During the webinar, Davies was asked whether he had felt pressure adapting a novel which was so globally well known and loved.
“I’m getting used to that kind of thing because people think very highly of War and Peace, for example, and Pride and Prejudice and Middlemarch – and I’ve adapted all those. What you have to be (is) not (be) too frightened and too in awe of this.”
He explained the art of adapting the 1,366 pages-long novel: “It’s [about] choosing really; there’s so much in this novel. There is no flab in it at all. There are no boring bits, there are no dull scenes and no boring subplots. It’s all interesting. And so it was a series of painful choices, really, deciding what had to be cut out.
“I went for the emotional stories at the heart of it – with Lata [Mehra, played by Tanya Maniktala] and Maan with Saeeda Bai – and the characters that you love the most. You just express their story in as dramatic a way as possible.
“And I wasn’t, at that time, terribly concerned with making sure I’ve told the story of India accurately because if that was all we did, nobody would watch it.
“I wanted to tell the story of these people as movingly as possible. So that was the process.
“And I would say to lovers of the book, ‘I’m sorry, we couldn’t include it all in six hours.’”

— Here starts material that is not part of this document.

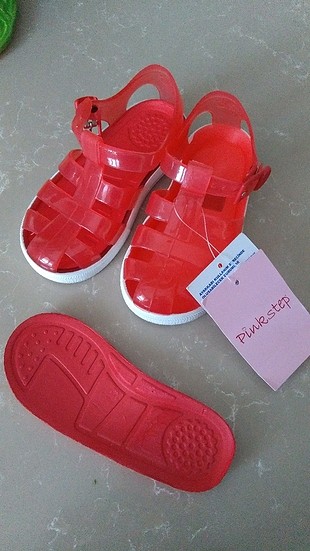 26 numara orjinal yeni etiketli Pink step marka İgor tarzı deniz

Davies was questioned about “the gay undertone” to the friendship between Maan and Firoz Ali Khan (Shubham Saraf ).
“If you read it (the novel) again, it’s very subtly indicated,” he pointed out. “I think Maan and Firoz have a delightful romantic friendship which at times has become physical. Both (are) on that grade scale that we’re all on from all-out gay to all-out hetero. They’re both striving towards the hetero end of it. But they have a delightful relationship. It’s a romantic friendship that sometimes in the past has been physical. Certainly I’ve been indicating that.”
Davies also offered viewers a piece of advice: “For people who haven’t read the book but love the series, do get the book because there’s almost twice as much story in it as we had room for.”